TRY IT —
Write all of the entries out again exactly.

MATERIAL SHOWN —
============
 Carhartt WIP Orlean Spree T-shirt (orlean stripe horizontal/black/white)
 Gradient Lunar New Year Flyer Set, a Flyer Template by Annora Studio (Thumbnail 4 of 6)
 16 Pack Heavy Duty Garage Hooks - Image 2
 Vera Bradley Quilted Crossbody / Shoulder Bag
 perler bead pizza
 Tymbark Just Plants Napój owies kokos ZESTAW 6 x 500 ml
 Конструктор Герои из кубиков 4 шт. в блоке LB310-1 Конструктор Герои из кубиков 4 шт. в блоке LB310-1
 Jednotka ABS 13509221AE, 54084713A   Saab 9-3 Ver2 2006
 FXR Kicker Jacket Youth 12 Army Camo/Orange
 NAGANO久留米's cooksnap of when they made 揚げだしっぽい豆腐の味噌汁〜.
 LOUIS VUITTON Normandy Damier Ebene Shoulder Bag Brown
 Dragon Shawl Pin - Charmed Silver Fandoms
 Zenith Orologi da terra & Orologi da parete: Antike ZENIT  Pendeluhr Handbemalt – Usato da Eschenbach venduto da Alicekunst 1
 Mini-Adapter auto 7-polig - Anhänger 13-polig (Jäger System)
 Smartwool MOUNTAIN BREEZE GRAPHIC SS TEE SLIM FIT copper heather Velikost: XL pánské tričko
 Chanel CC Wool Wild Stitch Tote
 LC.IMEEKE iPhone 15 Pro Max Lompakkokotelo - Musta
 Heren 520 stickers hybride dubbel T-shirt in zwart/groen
============
RESULT OF THE EXERCISE —
 Carhartt WIP Orlean Spree T-shirt (orlean stripe horizontal/black/white)
 Gradient Lunar New Year Flyer Set, a Flyer Template by Annora Studio (Thumbnail 4 of 6)
 16 Pack Heavy Duty Garage Hooks - Image 2
 Vera Bradley Quilted Crossbody / Shoulder Bag
 perler bead pizza
 Tymbark Just Plants Napój owies kokos ZESTAW 6 x 500 ml
 Конструктор Герои из кубиков 4 шт. в блоке LB310-1 Конструктор Герои из кубиков 4 шт. в блоке LB310-1
 Jednotka ABS 13509221AE, 54084713A   Saab 9-3 Ver2 2006
 FXR Kicker Jacket Youth 12 Army Camo/Orange
 NAGANO久留米's cooksnap of when they made 揚げだしっぽい豆腐の味噌汁〜.
 LOUIS VUITTON Normandy Damier Ebene Shoulder Bag Brown
 Dragon Shawl Pin - Charmed Silver Fandoms
 Zenith Orologi da terra & Orologi da parete: Antike ZENIT  Pendeluhr Handbemalt – Usato da Eschenbach venduto da Alicekunst 1
 Mini-Adapter auto 7-polig - Anhänger 13-polig (Jäger System)
 Smartwool MOUNTAIN BREEZE GRAPHIC SS TEE SLIM FIT copper heather Velikost: XL pánské tričko
 Chanel CC Wool Wild Stitch Tote
 LC.IMEEKE iPhone 15 Pro Max Lompakkokotelo - Musta
 Heren 520 stickers hybride dubbel T-shirt in zwart/groen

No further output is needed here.